3 Reasons Dads Quit (And What to Do About It)


Post written by fatherhood columnist Dean Mehrkens of homeSTRONG Life Coaching.

Every dad reaches the point where he’s mentally, physically, or emotionally overwhelmed. Stress and responsibilities weigh him down like an anchor and he just needs a break. Life doesn’t slow down to provide a break, so some dads just check out.
What that looks like varies based on the man. Some sit mindlessly in front of the TV, others jump to YouTube, others work on their car or some other hobby.
Regardless of how this plays out in your home, when it does it’s frustrating and crippling.
Once we understand some of the common triggers that push dads to the point of hopelessness, we can create some solutions.

Dads Need Rest

Dads get tired. Sometimes it’s our own fault (like when we spend three hours watching goats faint on YouTube), other times its beyond out immediate control (long hours at work or a crying baby). No matter the cause, fatigue is an enemy that zaps our creativity and leaves us a muddled mound of mental mud. So let’s destroy it!

Ruthless, Regular Bedtime

Start with a ruthless bedtime. Decide on a time to be in bed, and be in bed by that time. You’re a man. Stop making excuses and start making progress.
I know you’re thinking bedtime is for babies. No, its for humans. Especially tired, worn out humans who don’t know when to call it a day. Put wisdom to practice and get on a scheduled sleep time.
In my house that’s 9:00. That’s time to turn off the computer, TV, phone, etc. The day is over, so I go to bed. There will always be more that needs to be done, regardless of how late I stay up to do it. If I get some sleep I’ll be all the more productive tomorrow.

Dads Need Exercise

Exercise, while being the last thing you want to do when you’re physically worn out, is one of the best things to do.
Aside from the cocktail of chemicals it releases in your brain to help you sleep and feel good, heavily worked muscles in the day will produce deep, restful sleep at night.
Try hard manual labor for one Saturday and see how good you feel a day or two later.

Dads Don’t Know How

Sometimes dads check out because they don’t know how to be dads. They didn’t have an example growing up. It’s not their fault they never learned how to be a dad. It is their fault if they choose never to learn.
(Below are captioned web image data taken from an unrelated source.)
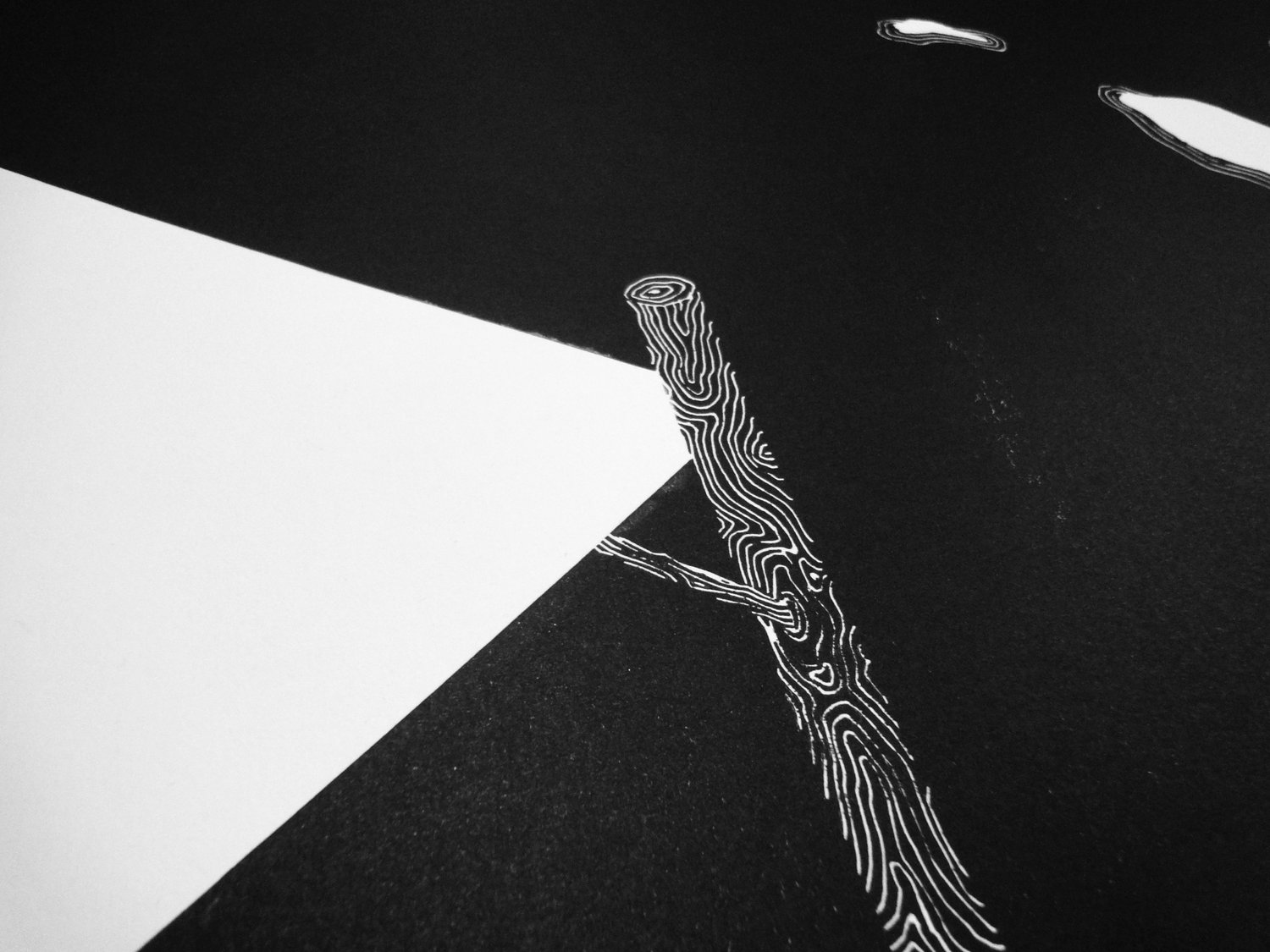 Image of PAPER PLANE (XXL linocut print)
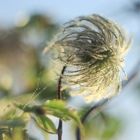 Clematis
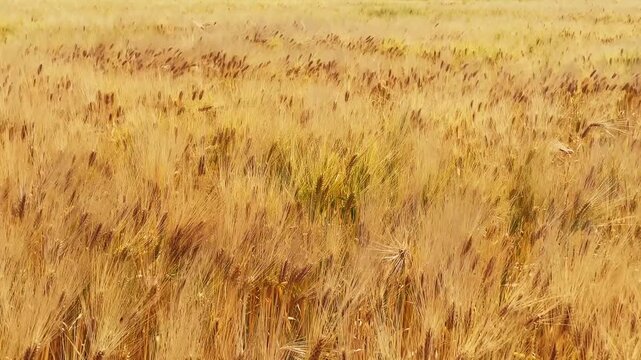 Golden Wheat Field Swaying in Wind, Xizhou Dali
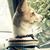 Cocco Nicchi's profile image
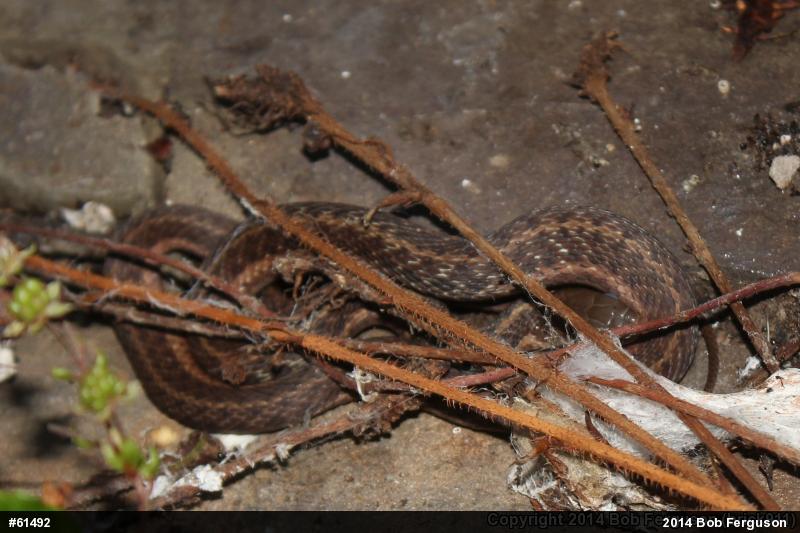 Eastern Gartersnake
You’ll have to do some digging on your own here. Everyone has a different parenting philosophy, and since mine won’t match up with yours, I’m not going to give a list of useful parenting websites. Instead, I’ll encourage you to ask an online friend or two for their recommendations and create your own list of useful websites.


Step 1: Find a man who looks like he’s got it together. He’s got a good job, a happy wife and kids, and his life generally looks the way you’d like yours to look.
Step 2: Stalk him until he gives up all his secrets. Maybe not stalk him, but get to know him. Invite him over. Join organizations he’s a part of. Hang out where he hangs out. More is caught than taught, so even if you don’t connect with that guy, you’ll absorb from the guys he hangs around. And be sure not to use the word “stalk” in your conversations.
Another option is life coaching. No, I’m not shamelessly adding this one to sell my own life coaching services, but because it works. Depending on the coach, this can be like mentorship on steroids. Definitely something to look into.
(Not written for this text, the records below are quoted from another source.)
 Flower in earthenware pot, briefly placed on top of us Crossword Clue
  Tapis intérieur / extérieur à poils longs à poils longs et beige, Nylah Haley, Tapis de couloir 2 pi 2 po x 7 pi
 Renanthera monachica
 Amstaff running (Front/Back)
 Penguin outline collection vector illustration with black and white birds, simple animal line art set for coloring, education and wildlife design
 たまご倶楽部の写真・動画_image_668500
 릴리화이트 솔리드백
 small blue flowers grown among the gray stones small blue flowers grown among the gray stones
There are a lot of books written on the topic of fatherhood. Not all are good (in fact, I think most are more useful for lighting fires than guiding dads). Again, I’m withholding my own recommended list, but I’m sure the rest of the folks here can chime in on the comments and recommend some stellar material.

Afraid to Fail

Another reason men tune out is they’re afraid to fail. This is a deep fear for most people, men in particular. Respect is a critical need for men, and anything that causes us to lose face among those we care about can be enough to paralyze our actions.
Ladies, there’s good news. This is an area in which you hold more influence than he does. Sure, it’s his issue he needs to work through, but the way you see him has a greater impact on him than anyone (including himself).
Even if your guy is a failure, if you praise his effort you’ll see startling changes in him. It provides a safety net for him, so even if he tries and fails not only will he not be catching grief from you (which is the fastest way to kill a man’s spirit), he’ll actually receive the praise he needs.
If he tries and succeeds, he can celebrate the success. If he tries and fails, he can rest in your encouragement. Suddenly, any tuning back in becomes a win.
For everyone.
What resource have you found helpful for overwhelmed or discouraged dads who are about ready to throw in the towel?